Taking the Credit — Rising rates, ABL and all the loans of Paypal

Josie Shillito's avatar
  1. Josie Shillito
6 min read

It’s been a nasty few years for private credit borrowers, who have operated in a recessionary environment under the spectre of high-leverage loans with ballooning interest rates on floating-rate private debt packages. This week’s 0.5 percentage point rate raise by the Bank of England to 5% will make things worse. 

Two months ago, 9fin highlighted some of the problems of distress in private credit portfolios — not least that most direct lending deals are floating rate, and their loans are invariably unhedged, meaning that the sharp rise in interest rates will bite their borrowers.

Worse still, covenant-lite debt packages mean that lenders can do sod all about it. 

“Borrowers enter default territory at a late stage,” points out law firm King & Spalding in its very interesting paper, essentially a ‘how-to’ guide for lenders to claw back control of their borrowers. 

How to trigger default as a private credit lender

Use LMA documents to establish misleading or inaccurate representations by the borrower, urges the paper. This may help the lender constitute events of default. King & Spalding also suggest lenders review their forward-looking disclosures, and to make full use of their ad-hoc information rights, for example, requesting presentations, in order not to be the last to find out bad news.

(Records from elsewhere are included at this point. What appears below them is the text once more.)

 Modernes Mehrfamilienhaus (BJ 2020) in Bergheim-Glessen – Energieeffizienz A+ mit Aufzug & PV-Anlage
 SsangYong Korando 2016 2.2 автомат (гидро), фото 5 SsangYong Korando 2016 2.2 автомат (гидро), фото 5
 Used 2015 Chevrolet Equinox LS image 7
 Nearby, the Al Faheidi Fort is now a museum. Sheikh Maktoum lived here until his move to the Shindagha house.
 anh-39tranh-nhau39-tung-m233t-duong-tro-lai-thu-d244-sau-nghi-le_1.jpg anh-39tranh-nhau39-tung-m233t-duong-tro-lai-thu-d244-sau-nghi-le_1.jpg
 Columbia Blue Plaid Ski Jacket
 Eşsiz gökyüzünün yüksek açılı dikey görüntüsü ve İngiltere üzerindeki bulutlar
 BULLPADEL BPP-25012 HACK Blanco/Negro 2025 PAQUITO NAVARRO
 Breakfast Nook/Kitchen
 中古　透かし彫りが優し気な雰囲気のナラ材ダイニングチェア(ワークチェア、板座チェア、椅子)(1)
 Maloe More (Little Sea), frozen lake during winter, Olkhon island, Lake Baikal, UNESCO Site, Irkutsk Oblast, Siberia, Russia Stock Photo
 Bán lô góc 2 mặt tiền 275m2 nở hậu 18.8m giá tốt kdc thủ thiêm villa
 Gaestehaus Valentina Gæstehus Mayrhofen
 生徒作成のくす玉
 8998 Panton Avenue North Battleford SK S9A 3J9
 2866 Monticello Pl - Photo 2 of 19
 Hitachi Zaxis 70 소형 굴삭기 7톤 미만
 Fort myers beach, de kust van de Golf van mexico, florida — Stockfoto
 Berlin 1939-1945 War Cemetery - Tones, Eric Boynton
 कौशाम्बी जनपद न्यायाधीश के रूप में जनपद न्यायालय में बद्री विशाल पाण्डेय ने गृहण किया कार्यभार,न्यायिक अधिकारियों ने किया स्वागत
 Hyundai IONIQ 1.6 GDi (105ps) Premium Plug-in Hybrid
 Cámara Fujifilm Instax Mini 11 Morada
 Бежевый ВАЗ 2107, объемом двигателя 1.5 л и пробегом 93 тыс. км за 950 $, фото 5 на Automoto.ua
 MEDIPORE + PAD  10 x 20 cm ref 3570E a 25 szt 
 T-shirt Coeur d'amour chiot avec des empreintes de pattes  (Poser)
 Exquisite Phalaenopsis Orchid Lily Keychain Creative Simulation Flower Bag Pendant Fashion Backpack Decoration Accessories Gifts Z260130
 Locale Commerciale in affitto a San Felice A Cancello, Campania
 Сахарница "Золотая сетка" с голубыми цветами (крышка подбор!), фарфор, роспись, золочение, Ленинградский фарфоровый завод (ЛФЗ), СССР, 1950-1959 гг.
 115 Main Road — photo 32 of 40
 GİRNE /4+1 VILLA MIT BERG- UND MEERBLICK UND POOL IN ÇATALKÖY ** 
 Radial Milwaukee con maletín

Crucially, the LMA facility agreement includes a ‘material adverse change’ event of default, triggered if an event occurs that the lender reasonably believes will affect the borrower’s loan obligations. In the absence of covenants, these, K&S argue, can be used to trigger the necessary event of default.

Psst…how to keep the borrower at arm’s length

On the other side of the coin, law firm White and Case reveals this week how sponsors should take advantage of every bit of flexibility in the docs. This includes maximising any adjustments to EBITDA and net income permitted in the loan agreements (notoriously loose in the past few years). 

Other flexibility includes interest rate margin step-downs (which allows a borrower to reduce its interest costs) and excess cash flow sweep percentages (which allows a borrower to allocate a smaller proportion of their free cash flows to pay down loans) if leverage levels are lowered. 

Adjust financial metrics, the message goes, “and doing so before a covenant testing event or another potential transaction puts borrowers in the best position possible to manage their capital structure, avoid default and preserve flexibility going forward.”

But for lenders, putting off defaults only exacerbates the problem. 

As law firm Proskauer points out in its covenant deep dive: “The worst-case scenario for a lender is one in which performance has declined to an extent that [the sponsor has disengaged] but there is still just enough liquidity for management to avoid a payment default or insolvency process.” 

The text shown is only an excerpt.